** Exercise data follows **
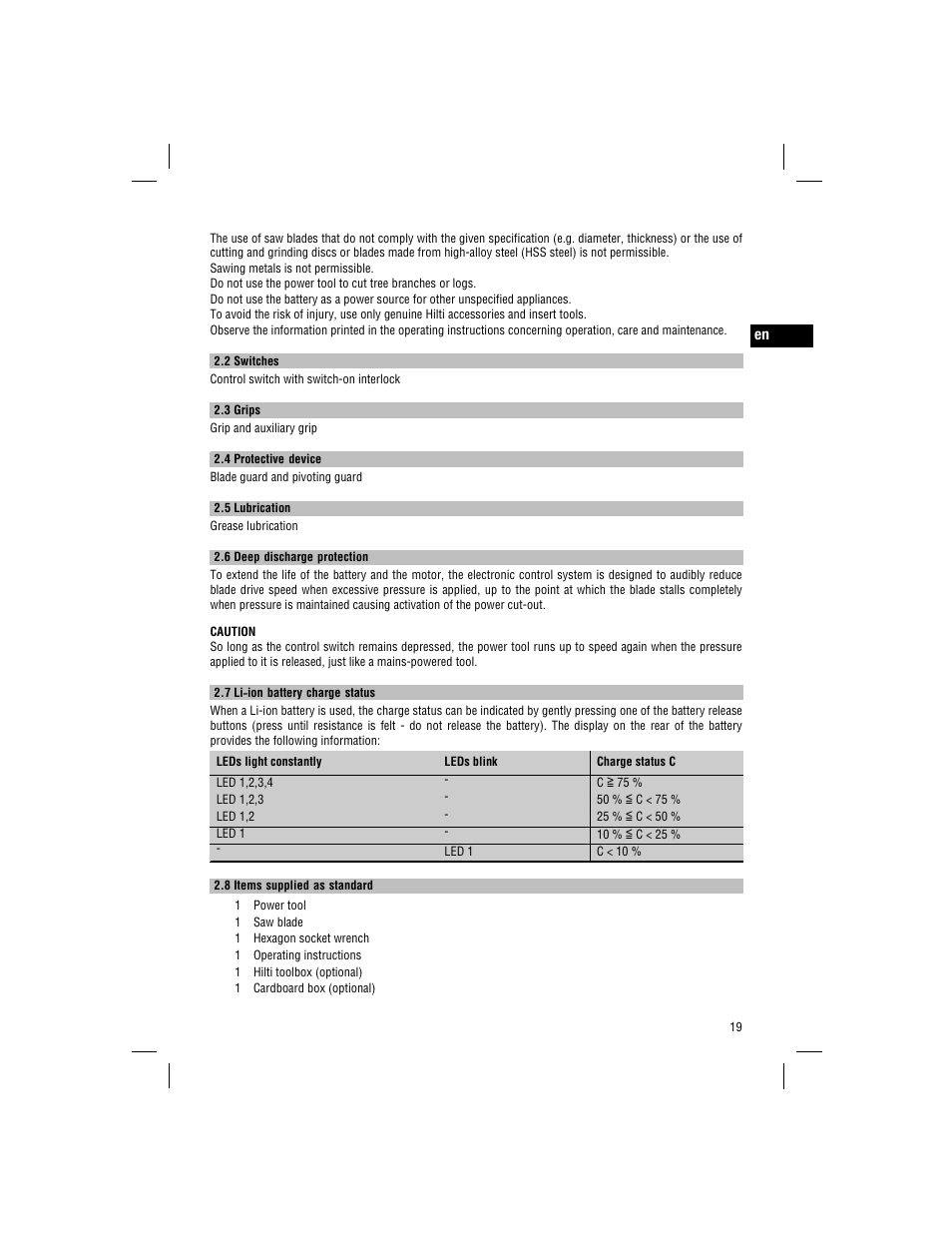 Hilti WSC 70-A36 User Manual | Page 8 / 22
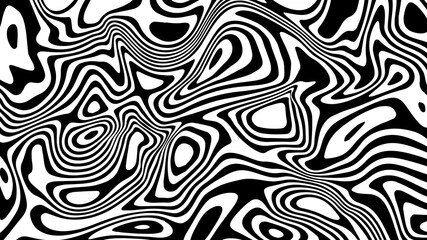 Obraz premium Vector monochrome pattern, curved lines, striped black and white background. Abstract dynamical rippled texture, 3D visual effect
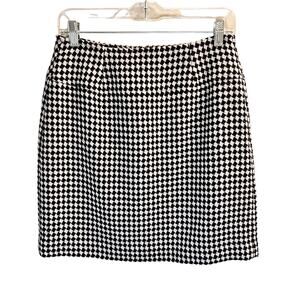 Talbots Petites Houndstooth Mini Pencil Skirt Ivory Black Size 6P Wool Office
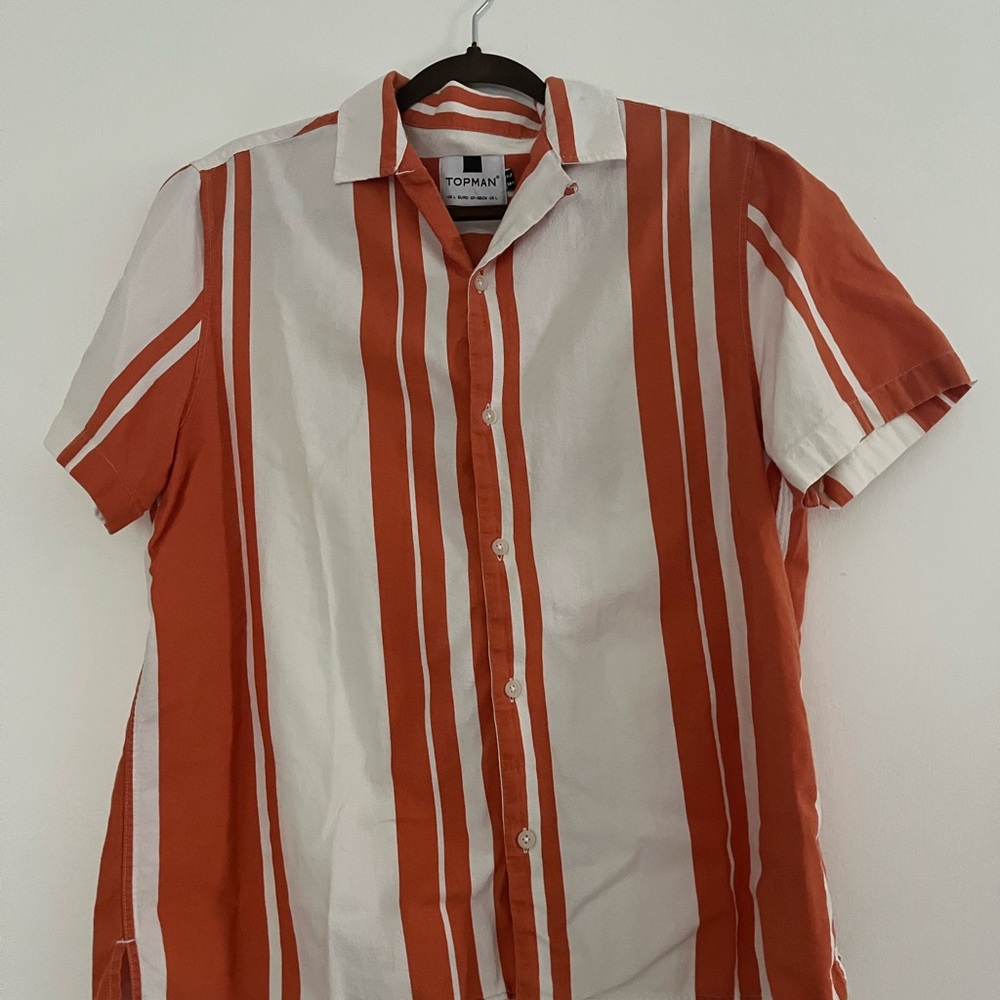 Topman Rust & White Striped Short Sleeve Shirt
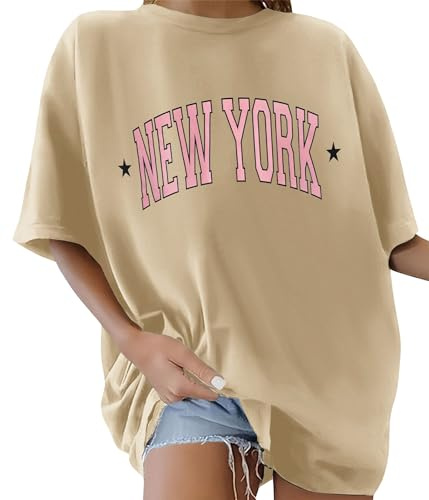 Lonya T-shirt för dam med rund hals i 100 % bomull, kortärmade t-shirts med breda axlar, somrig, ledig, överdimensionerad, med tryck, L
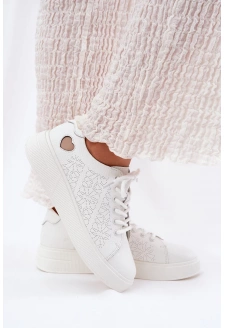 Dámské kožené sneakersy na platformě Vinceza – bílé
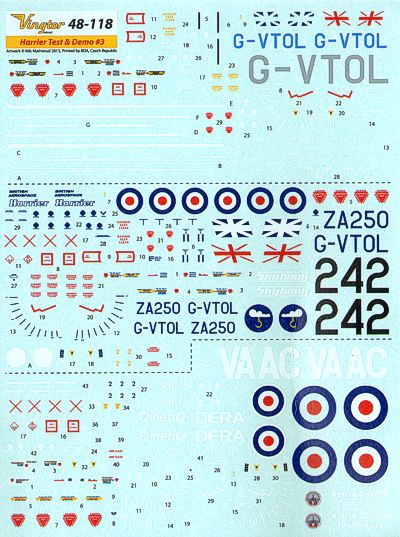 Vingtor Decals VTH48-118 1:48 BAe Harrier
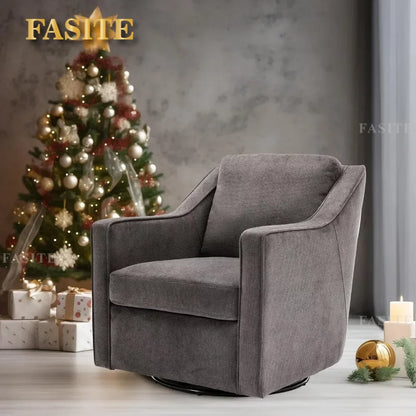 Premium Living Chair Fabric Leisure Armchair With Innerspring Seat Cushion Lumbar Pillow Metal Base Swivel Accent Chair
** End of Exercise data **
When an image appears in the data, skip it and output the rest exactly.

Answer for the task -
 Hilti WSC 70-A36 User Manual | Page 8 / 22
 Obraz premium Vector monochrome pattern, curved lines, striped black and white background. Abstract dynamical rippled texture, 3D visual effect
 Talbots Petites Houndstooth Mini Pencil Skirt Ivory Black Size 6P Wool Office
 Topman Rust & White Striped Short Sleeve Shirt
 Lonya T-shirt för dam med rund hals i 100 % bomull, kortärmade t-shirts med breda axlar, somrig, ledig, överdimensionerad, med tryck, L
 Dámské kožené sneakersy na platformě Vinceza – bílé
 Vingtor Decals VTH48-118 1:48 BAe Harrier
 Premium Living Chair Fabric Leisure Armchair With Innerspring Seat Cushion Lumbar Pillow Metal Base Swivel Accent Chair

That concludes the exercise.